Change @MNodeService@, @CNodeService@, and @D1NodeService@ methods that send or receive @SystemMetadata@ documents and validate the given string with @MessageDigest.getInstance(algorithm)@. If we get a @NoSuchAlgorithm@ exception, throw an @InvalidSystemMetadata@ exception for the call.

mbjones commented 6 years ago

Original Redmine Comment Author Name: Matt Jones (Matt Jones) Original Date: 2017-12-20T17:31:11Z


The definition of the ChecksumAlgorithm type says that algorithm names must be drawn from the Library of Congress controlled vocabulary:

The cryptographic hash algorithm used to calculate a checksum. DataONE recognizes the Library of Congress list of cryptographic hash algorithms that can be used as names in this field, and specifically uses the madsrdf:authoritativeLabel field as the name of the algorithm in this field. See: Library of Congress Cryptographic Algorithm Vocabulary. All compliant implementations must support at least SHA-1 and MD5, but may support other algorithms as well.

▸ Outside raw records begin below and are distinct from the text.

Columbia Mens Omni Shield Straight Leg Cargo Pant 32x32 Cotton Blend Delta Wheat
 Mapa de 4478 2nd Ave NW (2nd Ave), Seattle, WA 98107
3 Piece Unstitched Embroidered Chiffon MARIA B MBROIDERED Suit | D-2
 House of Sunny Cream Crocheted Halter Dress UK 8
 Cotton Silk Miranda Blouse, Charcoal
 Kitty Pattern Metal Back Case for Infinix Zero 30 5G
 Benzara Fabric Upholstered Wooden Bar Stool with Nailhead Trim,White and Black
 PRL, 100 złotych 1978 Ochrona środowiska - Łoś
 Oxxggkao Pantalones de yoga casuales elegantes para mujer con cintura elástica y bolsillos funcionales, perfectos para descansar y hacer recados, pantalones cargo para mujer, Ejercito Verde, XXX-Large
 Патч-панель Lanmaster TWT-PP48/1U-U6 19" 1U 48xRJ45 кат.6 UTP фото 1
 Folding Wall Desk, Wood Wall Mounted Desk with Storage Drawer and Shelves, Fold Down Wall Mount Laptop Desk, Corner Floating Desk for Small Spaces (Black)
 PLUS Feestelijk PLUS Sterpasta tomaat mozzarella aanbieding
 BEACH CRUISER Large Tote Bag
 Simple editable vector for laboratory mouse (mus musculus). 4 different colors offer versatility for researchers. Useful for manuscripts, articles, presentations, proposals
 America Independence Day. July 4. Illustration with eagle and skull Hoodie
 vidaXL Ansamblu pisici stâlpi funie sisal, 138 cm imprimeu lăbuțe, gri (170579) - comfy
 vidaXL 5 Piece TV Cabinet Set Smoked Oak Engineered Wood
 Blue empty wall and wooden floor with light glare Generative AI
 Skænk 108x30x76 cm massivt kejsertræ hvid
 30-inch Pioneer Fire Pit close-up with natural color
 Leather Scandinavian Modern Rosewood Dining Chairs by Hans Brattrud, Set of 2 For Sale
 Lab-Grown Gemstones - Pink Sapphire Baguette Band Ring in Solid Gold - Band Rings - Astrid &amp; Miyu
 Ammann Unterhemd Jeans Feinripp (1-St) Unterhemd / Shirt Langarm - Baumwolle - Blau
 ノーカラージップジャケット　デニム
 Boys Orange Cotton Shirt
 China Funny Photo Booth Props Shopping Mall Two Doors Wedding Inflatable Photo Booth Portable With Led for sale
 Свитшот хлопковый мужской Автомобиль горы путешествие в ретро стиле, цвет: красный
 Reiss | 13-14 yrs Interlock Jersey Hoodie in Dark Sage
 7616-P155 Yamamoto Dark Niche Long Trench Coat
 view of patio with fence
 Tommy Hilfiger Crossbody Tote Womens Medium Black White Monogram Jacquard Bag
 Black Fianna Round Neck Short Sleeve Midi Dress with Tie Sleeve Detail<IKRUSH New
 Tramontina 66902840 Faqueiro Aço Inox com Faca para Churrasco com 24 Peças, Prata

We should be checking against that list, and not the Java names, which may not be language neutral.

mbjones commented 6 years ago

Original Redmine Comment Author Name: Jing Tao (Jing Tao) Original Date: 2018-01-18T00:10:54Z


According the list here http://id.loc.gov/vocabulary/preservation/cryptographicHashFunctions.html some names from the list are: MD5 SHA-1 SHA-256 SHA-384 SHA-512

It doesn't show SHA-224. I am not sure if it is in the list.